→ **What to do**:
Here is the task for the records below: repeat exactly the lines from the one with "A professional , enhanced" to the one with "Abstract Blue Business", both included, and nothing else.

→ **Data**:
+--

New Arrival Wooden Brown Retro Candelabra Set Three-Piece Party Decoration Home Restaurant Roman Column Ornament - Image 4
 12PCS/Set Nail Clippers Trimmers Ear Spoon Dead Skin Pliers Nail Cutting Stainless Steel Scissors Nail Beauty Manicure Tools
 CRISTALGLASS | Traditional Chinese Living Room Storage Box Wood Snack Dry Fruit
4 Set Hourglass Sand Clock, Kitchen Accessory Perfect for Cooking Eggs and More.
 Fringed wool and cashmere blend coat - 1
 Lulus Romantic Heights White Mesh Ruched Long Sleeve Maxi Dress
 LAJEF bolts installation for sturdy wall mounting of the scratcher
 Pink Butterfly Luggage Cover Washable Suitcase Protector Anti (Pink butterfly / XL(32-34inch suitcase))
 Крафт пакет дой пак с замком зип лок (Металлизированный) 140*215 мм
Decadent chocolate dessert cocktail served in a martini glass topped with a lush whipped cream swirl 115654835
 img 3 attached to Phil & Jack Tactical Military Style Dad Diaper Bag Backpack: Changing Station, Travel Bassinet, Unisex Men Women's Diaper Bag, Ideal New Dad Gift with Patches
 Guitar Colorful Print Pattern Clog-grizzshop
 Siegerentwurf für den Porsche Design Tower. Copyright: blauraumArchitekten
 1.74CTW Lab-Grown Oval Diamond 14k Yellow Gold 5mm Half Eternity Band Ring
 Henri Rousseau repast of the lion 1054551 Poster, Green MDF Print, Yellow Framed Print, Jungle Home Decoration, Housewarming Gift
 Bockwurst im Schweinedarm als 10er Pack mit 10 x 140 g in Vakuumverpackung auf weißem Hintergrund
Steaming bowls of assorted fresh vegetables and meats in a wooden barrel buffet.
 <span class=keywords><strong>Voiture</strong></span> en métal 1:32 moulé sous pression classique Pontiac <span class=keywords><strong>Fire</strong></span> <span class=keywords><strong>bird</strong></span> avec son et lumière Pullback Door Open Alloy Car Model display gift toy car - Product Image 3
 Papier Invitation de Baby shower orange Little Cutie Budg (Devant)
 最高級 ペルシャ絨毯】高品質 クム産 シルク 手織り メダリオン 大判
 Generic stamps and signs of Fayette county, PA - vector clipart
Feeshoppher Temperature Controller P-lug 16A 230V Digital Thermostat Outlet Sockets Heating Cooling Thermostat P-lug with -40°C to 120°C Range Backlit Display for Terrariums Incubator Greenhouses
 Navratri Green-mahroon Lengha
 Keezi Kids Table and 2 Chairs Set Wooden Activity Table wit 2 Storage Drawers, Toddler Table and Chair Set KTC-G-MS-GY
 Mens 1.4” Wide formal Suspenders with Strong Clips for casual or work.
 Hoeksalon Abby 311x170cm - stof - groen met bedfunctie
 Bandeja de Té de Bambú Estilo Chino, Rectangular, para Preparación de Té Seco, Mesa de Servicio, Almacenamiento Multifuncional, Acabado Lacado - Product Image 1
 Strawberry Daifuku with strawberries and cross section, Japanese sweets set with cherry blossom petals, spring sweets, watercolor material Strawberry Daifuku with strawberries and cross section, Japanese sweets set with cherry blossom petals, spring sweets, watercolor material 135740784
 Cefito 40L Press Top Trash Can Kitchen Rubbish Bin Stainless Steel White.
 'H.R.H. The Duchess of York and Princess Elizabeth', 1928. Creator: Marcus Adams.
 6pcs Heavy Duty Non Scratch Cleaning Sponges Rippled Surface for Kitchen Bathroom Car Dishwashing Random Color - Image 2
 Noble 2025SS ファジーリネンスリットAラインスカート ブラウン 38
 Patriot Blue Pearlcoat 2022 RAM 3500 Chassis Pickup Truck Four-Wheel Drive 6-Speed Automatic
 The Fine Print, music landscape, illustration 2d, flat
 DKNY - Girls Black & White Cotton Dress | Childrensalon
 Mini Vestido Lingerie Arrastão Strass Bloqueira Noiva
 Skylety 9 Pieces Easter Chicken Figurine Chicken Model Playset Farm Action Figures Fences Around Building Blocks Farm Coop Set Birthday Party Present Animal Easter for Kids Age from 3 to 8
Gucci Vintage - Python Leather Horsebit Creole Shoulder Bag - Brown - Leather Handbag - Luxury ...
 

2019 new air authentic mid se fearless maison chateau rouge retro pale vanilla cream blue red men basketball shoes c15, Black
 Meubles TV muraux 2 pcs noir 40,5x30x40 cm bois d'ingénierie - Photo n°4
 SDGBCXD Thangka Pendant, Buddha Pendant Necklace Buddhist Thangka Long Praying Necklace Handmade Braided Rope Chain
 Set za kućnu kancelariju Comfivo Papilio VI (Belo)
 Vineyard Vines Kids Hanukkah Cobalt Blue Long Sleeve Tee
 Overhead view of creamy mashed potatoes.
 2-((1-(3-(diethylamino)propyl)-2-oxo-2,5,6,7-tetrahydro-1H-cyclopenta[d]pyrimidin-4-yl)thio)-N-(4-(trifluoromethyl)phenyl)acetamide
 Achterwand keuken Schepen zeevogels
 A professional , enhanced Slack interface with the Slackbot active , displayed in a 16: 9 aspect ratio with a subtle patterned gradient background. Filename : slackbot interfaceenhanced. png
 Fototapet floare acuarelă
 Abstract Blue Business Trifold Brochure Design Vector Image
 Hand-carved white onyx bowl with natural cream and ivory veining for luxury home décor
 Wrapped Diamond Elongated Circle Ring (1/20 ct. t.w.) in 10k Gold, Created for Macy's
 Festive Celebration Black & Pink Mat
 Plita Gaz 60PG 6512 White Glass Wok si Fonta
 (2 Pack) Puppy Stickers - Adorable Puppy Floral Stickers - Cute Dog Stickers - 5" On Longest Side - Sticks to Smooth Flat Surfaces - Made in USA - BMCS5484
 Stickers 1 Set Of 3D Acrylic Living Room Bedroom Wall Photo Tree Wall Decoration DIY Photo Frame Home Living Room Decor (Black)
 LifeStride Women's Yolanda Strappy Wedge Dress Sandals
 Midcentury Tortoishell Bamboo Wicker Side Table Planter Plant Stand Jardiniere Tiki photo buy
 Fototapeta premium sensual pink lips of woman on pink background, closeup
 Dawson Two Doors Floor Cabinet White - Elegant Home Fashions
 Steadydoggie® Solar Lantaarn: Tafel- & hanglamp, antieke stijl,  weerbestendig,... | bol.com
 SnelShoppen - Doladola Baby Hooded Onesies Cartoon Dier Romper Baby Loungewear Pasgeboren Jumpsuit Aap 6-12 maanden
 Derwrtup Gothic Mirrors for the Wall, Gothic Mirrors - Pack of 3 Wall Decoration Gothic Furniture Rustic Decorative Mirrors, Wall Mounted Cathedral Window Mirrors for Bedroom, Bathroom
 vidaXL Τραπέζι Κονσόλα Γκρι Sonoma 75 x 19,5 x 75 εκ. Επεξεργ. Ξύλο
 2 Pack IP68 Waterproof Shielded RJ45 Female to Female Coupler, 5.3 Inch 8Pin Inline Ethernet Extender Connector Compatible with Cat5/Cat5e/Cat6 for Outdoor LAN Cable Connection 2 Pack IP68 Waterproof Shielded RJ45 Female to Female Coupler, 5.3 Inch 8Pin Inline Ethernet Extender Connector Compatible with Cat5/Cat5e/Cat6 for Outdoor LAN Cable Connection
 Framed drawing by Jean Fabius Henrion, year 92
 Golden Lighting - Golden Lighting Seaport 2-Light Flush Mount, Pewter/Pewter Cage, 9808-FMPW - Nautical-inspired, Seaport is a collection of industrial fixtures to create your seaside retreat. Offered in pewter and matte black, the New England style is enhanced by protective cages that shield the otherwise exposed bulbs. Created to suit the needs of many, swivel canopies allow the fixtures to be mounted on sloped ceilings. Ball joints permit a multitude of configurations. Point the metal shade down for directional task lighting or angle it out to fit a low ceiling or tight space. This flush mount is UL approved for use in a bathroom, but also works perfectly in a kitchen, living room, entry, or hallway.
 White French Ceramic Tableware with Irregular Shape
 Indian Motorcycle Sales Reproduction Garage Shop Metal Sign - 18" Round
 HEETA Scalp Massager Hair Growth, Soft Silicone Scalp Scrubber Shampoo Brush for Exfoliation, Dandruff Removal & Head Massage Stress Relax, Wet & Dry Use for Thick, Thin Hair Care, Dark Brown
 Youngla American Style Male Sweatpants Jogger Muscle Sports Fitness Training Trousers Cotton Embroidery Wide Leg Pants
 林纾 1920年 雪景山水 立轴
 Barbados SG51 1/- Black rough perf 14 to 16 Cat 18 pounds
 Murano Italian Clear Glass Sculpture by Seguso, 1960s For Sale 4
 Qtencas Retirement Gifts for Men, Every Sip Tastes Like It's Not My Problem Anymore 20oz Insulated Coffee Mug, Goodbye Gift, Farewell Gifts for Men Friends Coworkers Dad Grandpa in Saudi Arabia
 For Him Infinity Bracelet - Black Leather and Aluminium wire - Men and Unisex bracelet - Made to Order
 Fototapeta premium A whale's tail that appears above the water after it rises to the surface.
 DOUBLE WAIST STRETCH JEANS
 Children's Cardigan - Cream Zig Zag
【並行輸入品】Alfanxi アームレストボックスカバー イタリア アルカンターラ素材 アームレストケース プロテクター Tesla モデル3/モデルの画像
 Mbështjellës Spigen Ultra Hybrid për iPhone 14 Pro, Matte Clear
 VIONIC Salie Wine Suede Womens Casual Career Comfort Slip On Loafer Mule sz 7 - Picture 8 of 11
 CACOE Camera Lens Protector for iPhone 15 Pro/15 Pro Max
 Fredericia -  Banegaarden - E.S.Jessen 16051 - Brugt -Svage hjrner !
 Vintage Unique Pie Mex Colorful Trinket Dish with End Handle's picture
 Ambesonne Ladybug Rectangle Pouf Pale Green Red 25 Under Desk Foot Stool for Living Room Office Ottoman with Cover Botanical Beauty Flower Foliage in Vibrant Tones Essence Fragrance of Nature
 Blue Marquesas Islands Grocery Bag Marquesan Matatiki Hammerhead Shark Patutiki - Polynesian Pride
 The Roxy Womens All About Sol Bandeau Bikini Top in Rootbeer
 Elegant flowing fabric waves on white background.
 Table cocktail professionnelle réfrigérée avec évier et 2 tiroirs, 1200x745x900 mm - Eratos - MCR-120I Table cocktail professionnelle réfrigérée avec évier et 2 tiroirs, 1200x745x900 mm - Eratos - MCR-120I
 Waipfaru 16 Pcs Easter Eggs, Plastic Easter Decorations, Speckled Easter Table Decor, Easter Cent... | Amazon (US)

+--

→ **Exercise response**:
 A professional , enhanced Slack interface with the Slackbot active , displayed in a 16: 9 aspect ratio with a subtle patterned gradient background. Filename : slackbot interfaceenhanced. png
 Fototapet floare acuarelă
 Abstract Blue Business Trifold Brochure Design Vector Image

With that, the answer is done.